+++ THE DATA

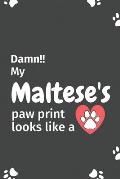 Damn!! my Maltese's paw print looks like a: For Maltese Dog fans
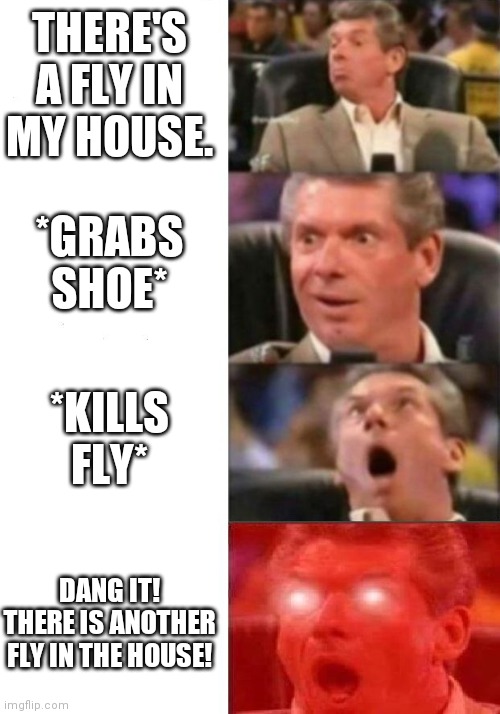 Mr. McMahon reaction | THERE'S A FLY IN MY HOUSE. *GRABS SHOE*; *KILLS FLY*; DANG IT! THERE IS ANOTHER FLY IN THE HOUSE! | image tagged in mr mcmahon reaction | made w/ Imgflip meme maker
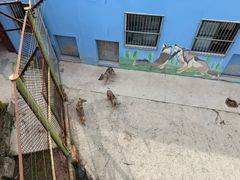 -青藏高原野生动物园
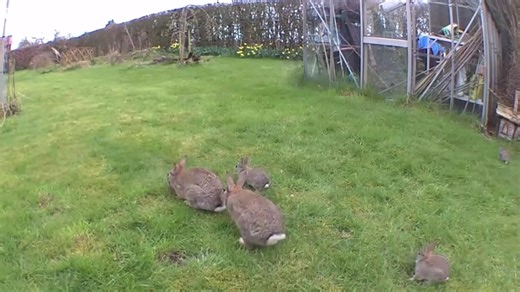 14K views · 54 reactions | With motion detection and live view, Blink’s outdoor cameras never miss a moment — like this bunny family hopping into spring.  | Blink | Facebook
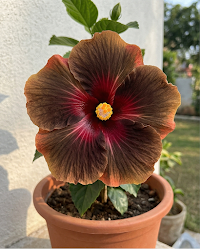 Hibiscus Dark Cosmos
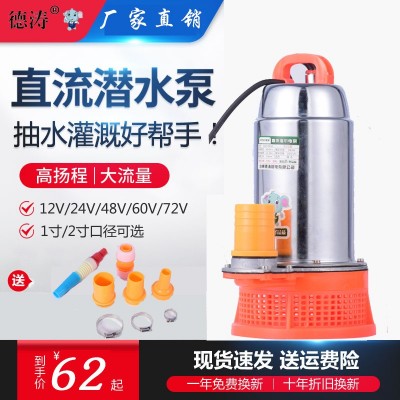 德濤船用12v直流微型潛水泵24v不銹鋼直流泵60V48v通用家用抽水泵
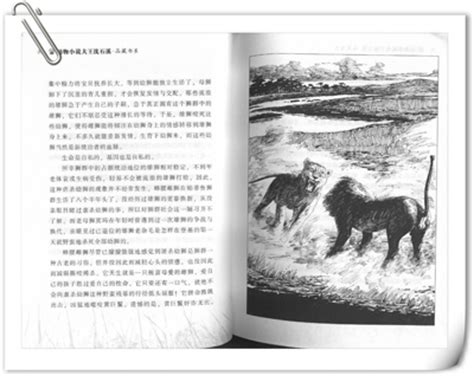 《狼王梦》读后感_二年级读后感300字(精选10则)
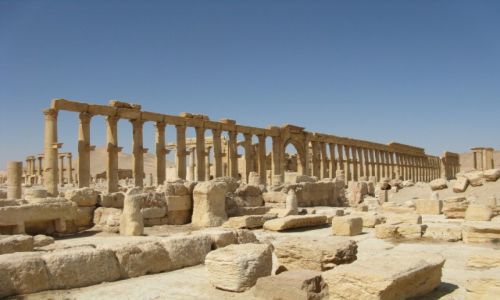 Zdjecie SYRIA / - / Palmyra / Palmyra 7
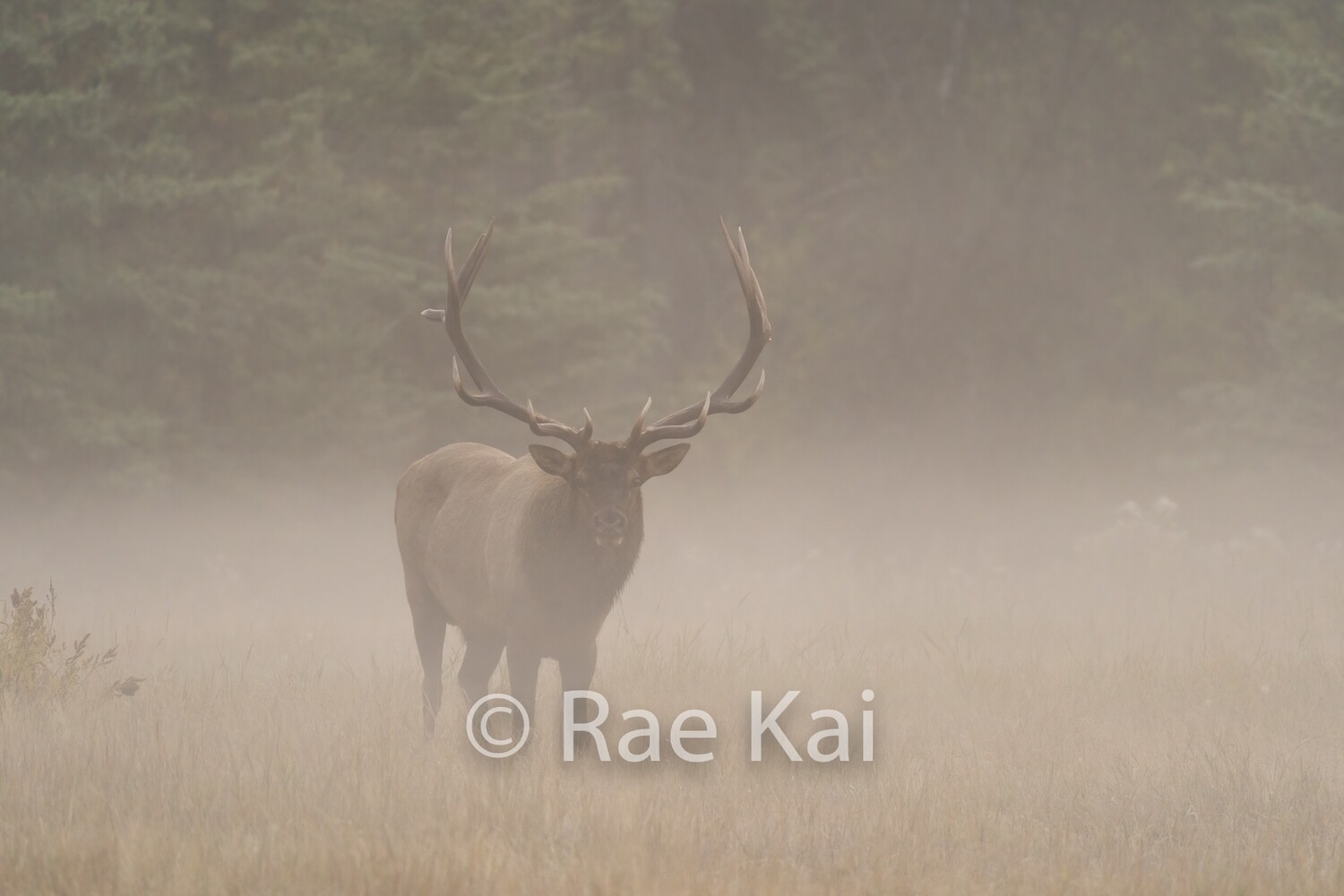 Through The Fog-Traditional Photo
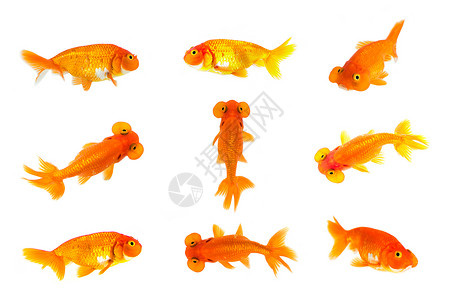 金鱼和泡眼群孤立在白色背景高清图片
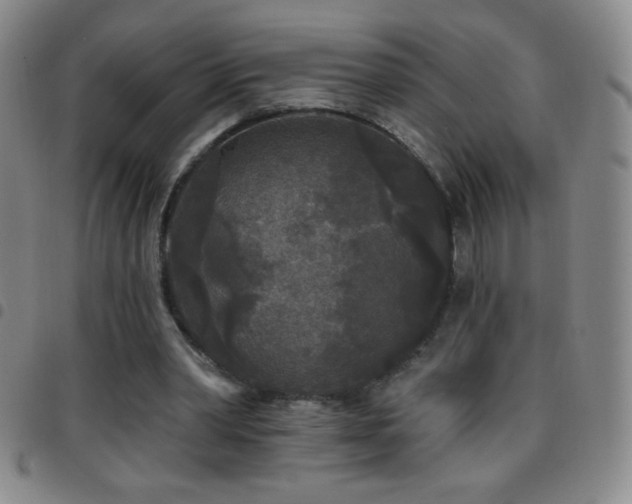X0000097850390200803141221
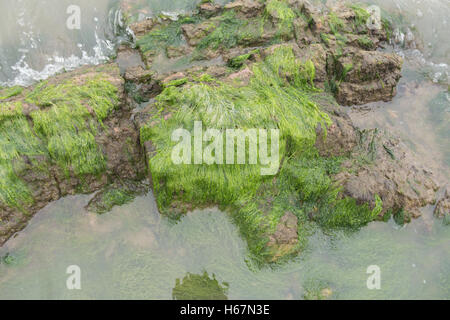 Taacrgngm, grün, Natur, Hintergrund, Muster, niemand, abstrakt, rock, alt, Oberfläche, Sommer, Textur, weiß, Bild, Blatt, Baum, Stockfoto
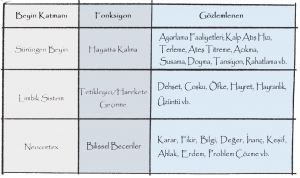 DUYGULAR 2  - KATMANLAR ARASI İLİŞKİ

++++++

**PROBLEM TO WORK ON**: In your copy, restate the data above word for word but leave out any picture.

**FINISHED EXERCISE**:
 Damn!! my Maltese's paw print looks like a: For Maltese Dog fans
 Mr. McMahon reaction | THERE'S A FLY IN MY HOUSE. *GRABS SHOE*; *KILLS FLY*; DANG IT! THERE IS ANOTHER FLY IN THE HOUSE! | image tagged in mr mcmahon reaction | made w/ Imgflip meme maker
 -青藏高原野生动物园
 14K views · 54 reactions | With motion detection and live view, Blink’s outdoor cameras never miss a moment — like this bunny family hopping into spring.  | Blink | Facebook
 Hibiscus Dark Cosmos
 德濤船用12v直流微型潛水泵24v不銹鋼直流泵60V48v通用家用抽水泵
 《狼王梦》读后感_二年级读后感300字(精选10则)
 Zdjecie SYRIA / - / Palmyra / Palmyra 7
 Through The Fog-Traditional Photo
 金鱼和泡眼群孤立在白色背景高清图片
X0000097850390200803141221
 Taacrgngm, grün, Natur, Hintergrund, Muster, niemand, abstrakt, rock, alt, Oberfläche, Sommer, Textur, weiß, Bild, Blatt, Baum, Stockfoto
 DUYGULAR 2  - KATMANLAR ARASI İLİŞKİ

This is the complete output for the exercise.